Fatores relativos à renda foram os próximos na lista de maiores riscos. E embora as regiões Sul e Sudeste tenham apontado a estabilidade no emprego atual como provável, essas localidades lideram nas preocupações de longo prazo sobre sua renda.
Já crime ou violência é o quarto risco mais apontado para os entrevistados e suas famílias, com o Sul liderando, com mais de 45% citando esse tema, acima da média nacional de 36%. (Os entrevistados poderiam escolher mais de uma opção na lista de riscos no horizonte.)
Mesmo com os problemas elencados, os brasileiros, de modo geral, se mostraram satisfeitos com o próprio trabalho, diz o Ibre. Os mais satisfeitos estão no Sul (só 16,5% insatisfeitos), e as demais regiões ficaram na casa dos 20% a menos de 30% de insatisfação.
A diferença foi no Sudeste, que liderou com quase 34% de insatisfeitos.
Perguntados sobre um ou mais motivos para a insatisfação, o Sudeste foi a região onde mais pessoas (na casa dos 75%) apontaram a “remuneração baixa” como razão, à frente da média nacional (64%).
Ainda em frentes relacionadas à remuneração, os sudestinos também foram os que mais criticaram o “pouco ou nenhum benefício” em suas ocupações, mais que o restante dos brasileiros (quase 50%, ante 43% na média nacional). O Sudeste tem média salarial maior do que as demais regiões, embora o custo de vida seja igualmente elevado em muitos lugares.

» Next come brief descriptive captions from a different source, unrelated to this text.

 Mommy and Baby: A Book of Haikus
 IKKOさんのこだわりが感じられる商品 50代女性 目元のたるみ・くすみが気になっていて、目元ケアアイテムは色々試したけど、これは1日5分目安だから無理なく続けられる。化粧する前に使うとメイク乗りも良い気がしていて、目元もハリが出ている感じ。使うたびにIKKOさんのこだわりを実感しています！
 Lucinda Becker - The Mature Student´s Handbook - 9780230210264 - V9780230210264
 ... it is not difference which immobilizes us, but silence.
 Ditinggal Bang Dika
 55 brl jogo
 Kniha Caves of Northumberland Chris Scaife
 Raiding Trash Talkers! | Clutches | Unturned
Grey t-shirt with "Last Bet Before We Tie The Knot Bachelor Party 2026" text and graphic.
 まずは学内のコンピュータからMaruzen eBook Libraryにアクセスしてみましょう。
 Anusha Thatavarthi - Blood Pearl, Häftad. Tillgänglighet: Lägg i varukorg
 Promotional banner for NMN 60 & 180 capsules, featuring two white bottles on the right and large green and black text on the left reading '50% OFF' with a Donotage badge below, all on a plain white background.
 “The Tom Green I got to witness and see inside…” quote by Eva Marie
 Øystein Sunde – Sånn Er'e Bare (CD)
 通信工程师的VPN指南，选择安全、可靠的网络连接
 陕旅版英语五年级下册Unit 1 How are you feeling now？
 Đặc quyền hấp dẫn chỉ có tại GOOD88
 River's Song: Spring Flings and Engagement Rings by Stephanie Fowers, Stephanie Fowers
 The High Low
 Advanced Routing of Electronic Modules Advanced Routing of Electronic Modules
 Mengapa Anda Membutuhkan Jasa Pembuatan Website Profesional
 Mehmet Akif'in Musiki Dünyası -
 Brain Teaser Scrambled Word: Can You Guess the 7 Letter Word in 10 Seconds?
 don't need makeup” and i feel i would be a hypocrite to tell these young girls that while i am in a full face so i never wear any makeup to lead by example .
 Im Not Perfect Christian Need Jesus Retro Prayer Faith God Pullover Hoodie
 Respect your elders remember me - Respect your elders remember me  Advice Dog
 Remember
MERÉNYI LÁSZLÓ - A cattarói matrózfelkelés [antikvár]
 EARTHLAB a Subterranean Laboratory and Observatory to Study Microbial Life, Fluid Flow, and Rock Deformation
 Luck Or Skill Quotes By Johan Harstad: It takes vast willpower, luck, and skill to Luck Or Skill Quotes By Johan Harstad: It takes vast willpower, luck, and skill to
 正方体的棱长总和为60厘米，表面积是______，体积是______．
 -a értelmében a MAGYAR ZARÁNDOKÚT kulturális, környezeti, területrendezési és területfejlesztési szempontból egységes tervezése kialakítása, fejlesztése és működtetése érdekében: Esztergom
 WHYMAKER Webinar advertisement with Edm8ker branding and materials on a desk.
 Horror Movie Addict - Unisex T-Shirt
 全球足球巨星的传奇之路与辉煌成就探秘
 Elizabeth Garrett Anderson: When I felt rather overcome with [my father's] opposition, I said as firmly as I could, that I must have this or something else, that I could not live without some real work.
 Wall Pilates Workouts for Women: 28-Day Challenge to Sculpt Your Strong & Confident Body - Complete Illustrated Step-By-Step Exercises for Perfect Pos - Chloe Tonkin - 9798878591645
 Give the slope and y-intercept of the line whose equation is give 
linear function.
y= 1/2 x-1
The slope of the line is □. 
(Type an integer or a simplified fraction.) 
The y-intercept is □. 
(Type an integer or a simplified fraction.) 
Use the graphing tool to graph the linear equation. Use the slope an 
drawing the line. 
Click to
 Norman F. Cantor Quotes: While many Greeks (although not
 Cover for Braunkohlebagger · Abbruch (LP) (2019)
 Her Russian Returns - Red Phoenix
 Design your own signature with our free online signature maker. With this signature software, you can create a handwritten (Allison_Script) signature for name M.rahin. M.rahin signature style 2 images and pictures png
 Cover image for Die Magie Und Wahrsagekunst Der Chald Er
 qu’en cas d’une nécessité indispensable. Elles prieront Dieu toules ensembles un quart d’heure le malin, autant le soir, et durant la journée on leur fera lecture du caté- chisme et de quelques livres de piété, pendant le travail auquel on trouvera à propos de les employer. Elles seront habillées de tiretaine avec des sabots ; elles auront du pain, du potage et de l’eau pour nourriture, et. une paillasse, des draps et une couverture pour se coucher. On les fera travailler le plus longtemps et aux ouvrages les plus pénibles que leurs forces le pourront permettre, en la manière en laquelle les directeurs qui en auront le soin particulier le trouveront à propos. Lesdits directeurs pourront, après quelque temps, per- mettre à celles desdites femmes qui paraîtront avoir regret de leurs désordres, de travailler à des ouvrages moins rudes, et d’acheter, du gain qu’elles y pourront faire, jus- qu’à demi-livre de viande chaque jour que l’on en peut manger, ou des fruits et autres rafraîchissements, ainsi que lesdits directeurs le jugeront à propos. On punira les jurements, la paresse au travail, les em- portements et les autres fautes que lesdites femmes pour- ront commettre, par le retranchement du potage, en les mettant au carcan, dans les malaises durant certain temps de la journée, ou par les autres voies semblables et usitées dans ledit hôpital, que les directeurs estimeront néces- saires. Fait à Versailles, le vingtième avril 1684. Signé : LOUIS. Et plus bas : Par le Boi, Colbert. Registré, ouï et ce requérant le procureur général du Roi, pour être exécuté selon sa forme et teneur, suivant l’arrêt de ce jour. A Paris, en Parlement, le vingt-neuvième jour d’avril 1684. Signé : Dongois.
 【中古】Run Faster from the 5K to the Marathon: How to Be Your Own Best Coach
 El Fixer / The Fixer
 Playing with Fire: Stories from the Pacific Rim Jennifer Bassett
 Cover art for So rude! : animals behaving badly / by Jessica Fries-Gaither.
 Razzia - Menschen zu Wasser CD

No todo, o Nordeste foi o campeão nacional em “satisfação com a vida em geral”, com nota 7,6, frente à média de 7,2 do Brasil. O menos satisfeito foi o Norte (6,8). “Sendo uma região com grande insegurança de renda e com alguma insatisfação em questões trabalhistas importantes, o resultado sugere que a percepção subjetiva de bem-estar na região é determinada por outros fatores”, diz o Ibre.